今日は、東北地方のラーメン店が監修したチルド商品(生ラーメン)を多数手掛けるマルニ食品さん(本社:宮城県)の山形「琴平荘 中華そば 醤油味」をいただきます。
東北のラーメンといえば素朴であっさりした醤油スープが美味しいイメージがあり、管理人も大好きな部類なので、今日はとても楽しみです。
山形県とラーメンの美味しい関係
今日の銘店監修は山形県にあるお店です。
山形県といえば山形牛や米沢牛などのお肉や、山形そば(板そば・冷たい鶏そば)、さくらんぼやラ・フランスなどのフルーツや、芋煮に玉こんにゃくといった郷土料理、地酒、ワイン、ニッカウィスキー工場があったりというグルメな土地。
さらに近年では、美味しいご当地ラーメンが観光のお目当てになっていたりします。
実は山形県は、県民1人あたりのラーメンの消費量や店舗数が日本全国で1位という、ラーメン大好きの県民性でも知られています。
あ、それ、聞いたことあります。
来客があると出前をとってラーメンをふるまったり朝からラーメンを食べたりするんですよね。
老若男女問わず行きつけのラーメン店があるとか、朝昼晩の3食全部ラーメンでいけるとか。笑
あっさりして飽きのこない味だからこそだね。
そんなラーメン王国山形県ですが、山形のラーメンを語るうえで「山形ラーメン」とひと括りで定義するのはナンセンスです。
なぜなら、酒田ラーメンや米沢ラーメン、赤湯ラーメンなど地方ごとにまるで特徴が異なるご当地ラーメンが存在しているからです。
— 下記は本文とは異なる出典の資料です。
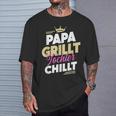 Papa Grillt Tochter Chilltatertag Outdoor Grillen Fan T-Shirt Geschenke für Ihn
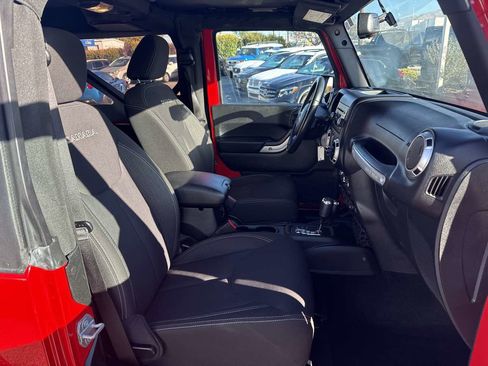 Used 2017 Jeep Wrangler Sahara image 15
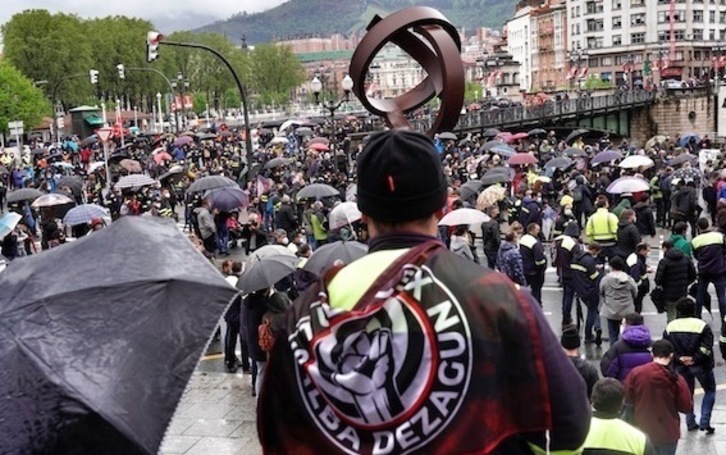 texto asignado: La manifestación, a su llegada al Ayuntamiento. (Marisol RAMIREZ/FOKU)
山形が歴史や風土、文化の異なる4つの地方からなっていることが背景にあります。
こちらの「山形県が運営するサイト」に詳しく説明されていますよ。
イタリア料理がそれぞれの地方の伝統料理を集めて総称しただけで、イタリア料理という料理体系などそもそも存在しない、というのと似てるね。
ありゃ、店長はイタリアンにも詳しいんですか?
山形の4つの地方の話に戻りますが、県の中央に位置するのが村山地方です。
県庁所在地の山形市や将棋の駒で知られる天童市、さくらんぼの産地の東根市などがあり、蔵王、月山、朝日連峰などの山々に囲まれています。
実は昔、転勤で仙台に4年ほど住んでいたんだよ。
お隣の山形には、冬は蔵王や月山にスノボをしに、初夏にはさくらんぼ狩りに行ったりしたなぁ。
スノボとは、店長にも若い頃があったんですね。笑
それで東北のラーメンが好きなんですか?
ラーメンに限らず東北には美味しいものがたくさんあるからねぇ。
仙台だと牛タンや寿司、帆立や牡蠣も美味しいよ。
美味しいものを食べすぎて痛風になったよ。笑
またしても話が脱線したので、山形の地方の話に戻しますよ。
県の北部に位置するのが最上地方、南部が置賜地方です。
置賜地方には南陽市や米沢市があり、赤湯温泉をはじめとする温泉地も有名です。
そして、西側の日本海に面しているのが酒田市などがある庄内地方です。
お店は、この庄内地方の鶴岡市というところの海沿いにあります。
つまり琴平荘さんのラーメンは酒田ラーメンの系譜ということになりますね。
酒田ラーメンは海に面した土地柄、昆布や煮干しの魚介だしと豚骨や鶏がらの清湯Wスープに、多加水のちぢれ麺を合わせた淡麗醤油味が特徴だよ。
うわっ(涎)美味しそっ。
これぞまさしく東北のラーメンって感じですね。
琴平荘について
「琴平荘」と書いて「こんぴらそう」と読みます。
ラーメン店というより、なんだか旅館みたいだわ。
そうなんです、実は目の前が海水浴場で夏は旅館を営んでいるそうです。
閑散期の冬場だけラーメン屋になるそうですよ。
期間限定のうえに、店を開けるは昼の11時から14時の3時間だけだそうです。
それだけ聞くと、昔の農家が冬は出稼ぎに出るみたいに、仕方なく細々と別の商売をやってるだけかと思いきや、いやいやどうして。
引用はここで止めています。